======== Data extract ========

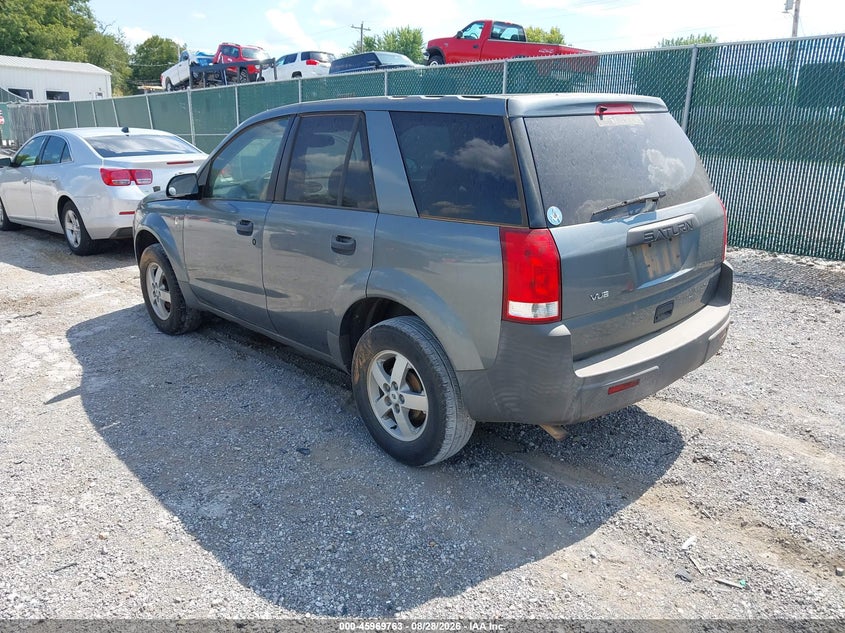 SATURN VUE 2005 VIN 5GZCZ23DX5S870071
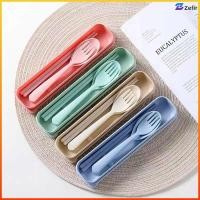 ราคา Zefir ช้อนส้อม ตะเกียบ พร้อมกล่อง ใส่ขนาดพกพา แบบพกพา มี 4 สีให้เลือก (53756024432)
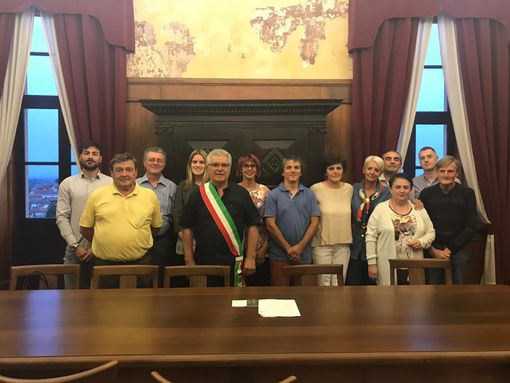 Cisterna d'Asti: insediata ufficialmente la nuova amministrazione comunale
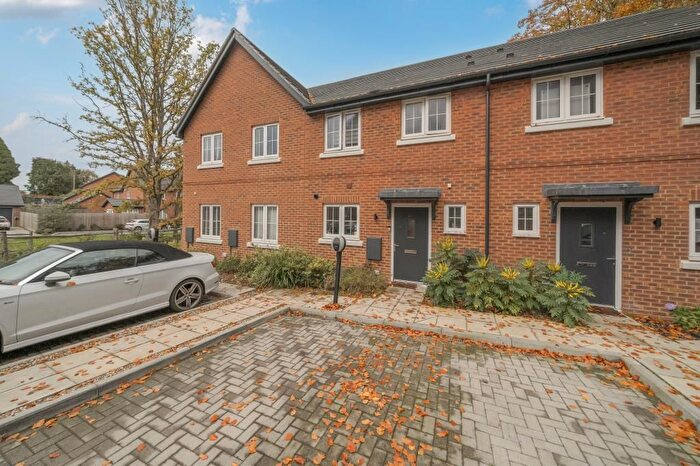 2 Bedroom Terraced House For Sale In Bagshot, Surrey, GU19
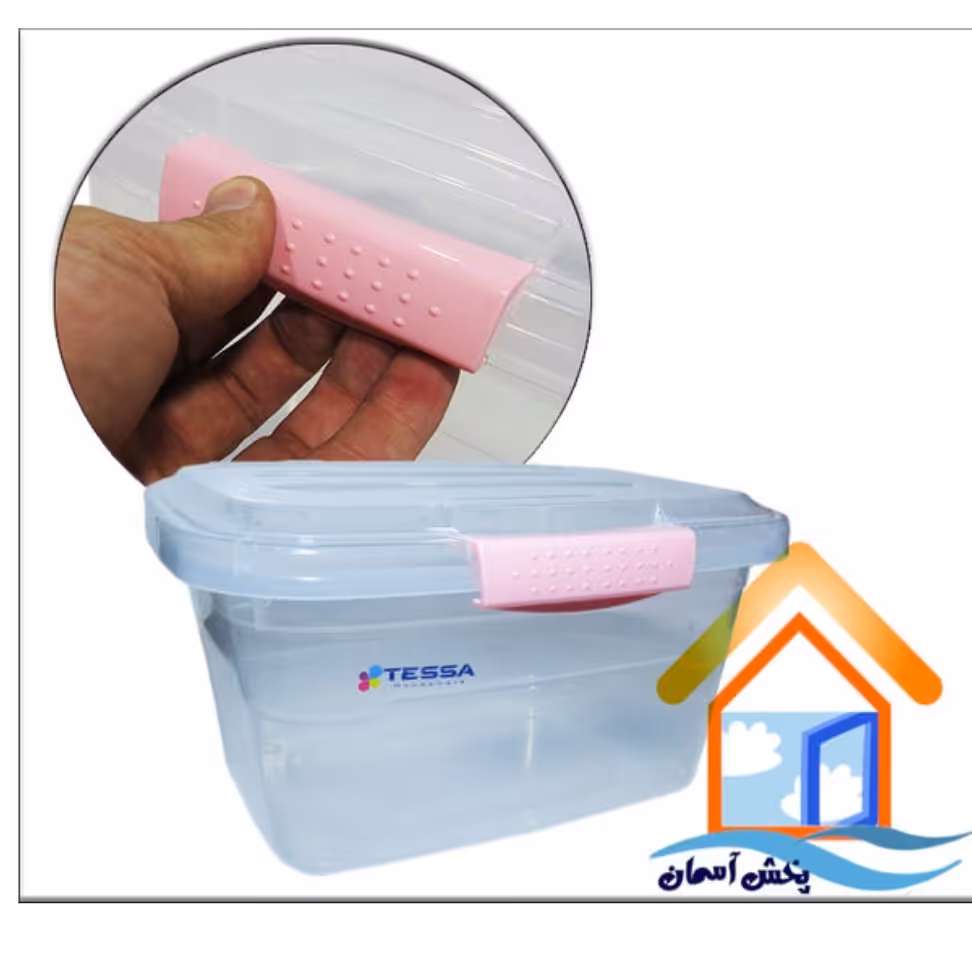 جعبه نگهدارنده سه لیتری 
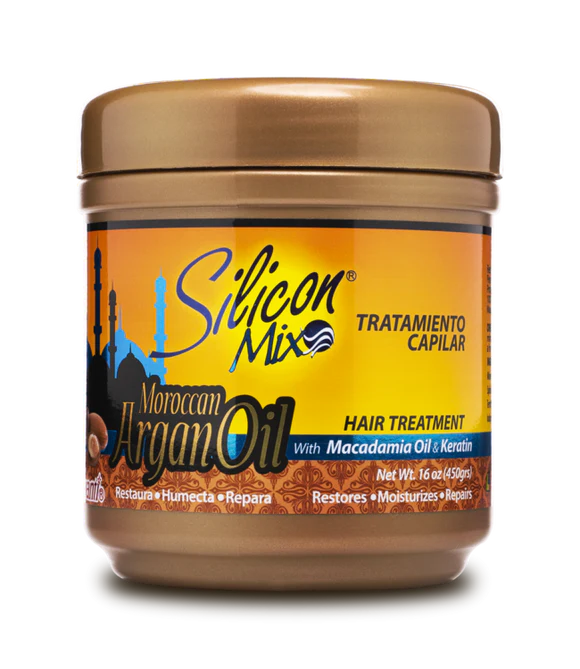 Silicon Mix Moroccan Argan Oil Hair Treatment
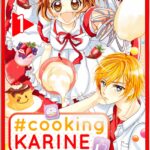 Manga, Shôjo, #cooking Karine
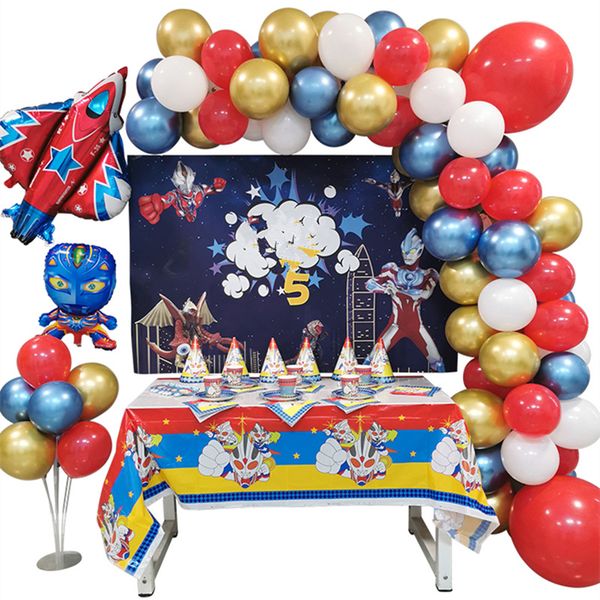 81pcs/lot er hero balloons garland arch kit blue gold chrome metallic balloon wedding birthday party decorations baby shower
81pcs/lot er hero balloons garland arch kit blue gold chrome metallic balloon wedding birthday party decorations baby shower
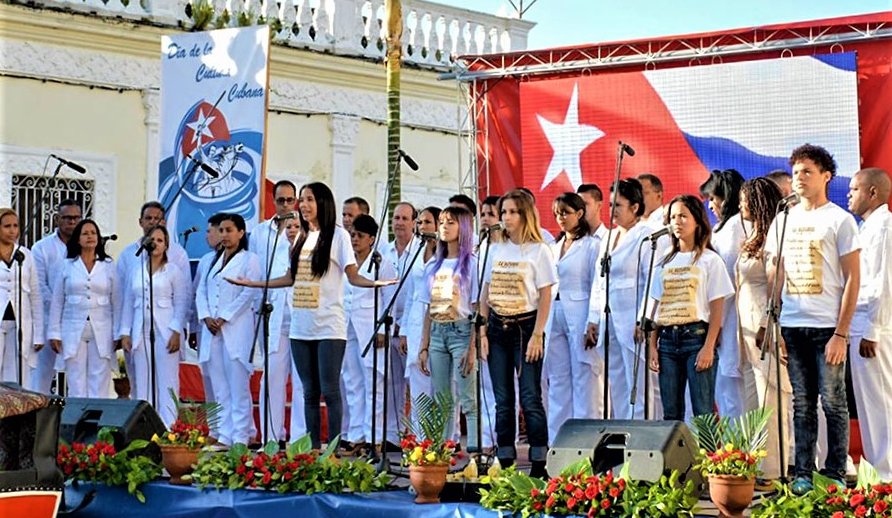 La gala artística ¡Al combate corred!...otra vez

========

Requirement ▸ Set down all of the data word for word; no pictures belong in it.

Response below ▸
 SATURN VUE 2005 VIN 5GZCZ23DX5S870071
 ราคา Zefir ช้อนส้อม ตะเกียบ พร้อมกล่อง ใส่ขนาดพกพา แบบพกพา มี 4 สีให้เลือก (53756024432)
 Cisterna d'Asti: insediata ufficialmente la nuova amministrazione comunale
 2 Bedroom Terraced House For Sale In Bagshot, Surrey, GU19
 جعبه نگهدارنده سه لیتری 
 Silicon Mix Moroccan Argan Oil Hair Treatment
 Manga, Shôjo, #cooking Karine
 81pcs/lot er hero balloons garland arch kit blue gold chrome metallic balloon wedding birthday party decorations baby shower
81pcs/lot er hero balloons garland arch kit blue gold chrome metallic balloon wedding birthday party decorations baby shower
 La gala artística ¡Al combate corred!...otra vez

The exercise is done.